** Task directions **
Quote exactly the lines from the start of the entries to the one with "in Eason’s Sligo.", both ends included.

** Data for this exercise **
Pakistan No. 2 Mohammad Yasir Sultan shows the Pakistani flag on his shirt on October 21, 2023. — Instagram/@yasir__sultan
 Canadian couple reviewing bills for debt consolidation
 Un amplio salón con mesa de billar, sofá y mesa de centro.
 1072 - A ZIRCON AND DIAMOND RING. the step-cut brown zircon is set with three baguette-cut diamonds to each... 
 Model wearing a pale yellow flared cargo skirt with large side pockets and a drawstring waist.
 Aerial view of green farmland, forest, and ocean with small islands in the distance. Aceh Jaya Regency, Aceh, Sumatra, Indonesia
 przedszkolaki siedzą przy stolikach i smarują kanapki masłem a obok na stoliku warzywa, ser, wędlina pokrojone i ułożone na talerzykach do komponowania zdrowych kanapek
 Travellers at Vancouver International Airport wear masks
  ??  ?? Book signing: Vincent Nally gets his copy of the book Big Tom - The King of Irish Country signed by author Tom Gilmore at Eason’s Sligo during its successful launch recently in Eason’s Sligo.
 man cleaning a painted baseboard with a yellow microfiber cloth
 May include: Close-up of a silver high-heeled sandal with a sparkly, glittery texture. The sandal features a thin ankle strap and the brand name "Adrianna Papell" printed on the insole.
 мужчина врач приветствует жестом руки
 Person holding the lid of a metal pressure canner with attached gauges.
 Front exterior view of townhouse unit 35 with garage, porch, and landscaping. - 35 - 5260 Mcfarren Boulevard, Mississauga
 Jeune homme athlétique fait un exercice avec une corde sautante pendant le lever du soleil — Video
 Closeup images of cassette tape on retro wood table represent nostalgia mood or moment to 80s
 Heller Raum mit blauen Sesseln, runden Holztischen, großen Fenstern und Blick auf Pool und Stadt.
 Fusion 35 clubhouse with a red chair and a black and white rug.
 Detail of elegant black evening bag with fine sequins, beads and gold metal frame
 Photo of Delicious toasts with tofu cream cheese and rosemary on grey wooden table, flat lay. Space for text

** Task answer **
Pakistan No. 2 Mohammad Yasir Sultan shows the Pakistani flag on his shirt on October 21, 2023. — Instagram/@yasir__sultan
 Canadian couple reviewing bills for debt consolidation
 Un amplio salón con mesa de billar, sofá y mesa de centro.
 1072 - A ZIRCON AND DIAMOND RING. the step-cut brown zircon is set with three baguette-cut diamonds to each... 
 Model wearing a pale yellow flared cargo skirt with large side pockets and a drawstring waist.
 Aerial view of green farmland, forest, and ocean with small islands in the distance. Aceh Jaya Regency, Aceh, Sumatra, Indonesia
 przedszkolaki siedzą przy stolikach i smarują kanapki masłem a obok na stoliku warzywa, ser, wędlina pokrojone i ułożone na talerzykach do komponowania zdrowych kanapek
 Travellers at Vancouver International Airport wear masks
  ??  ?? Book signing: Vincent Nally gets his copy of the book Big Tom - The King of Irish Country signed by author Tom Gilmore at Eason’s Sligo during its successful launch recently in Eason’s Sligo.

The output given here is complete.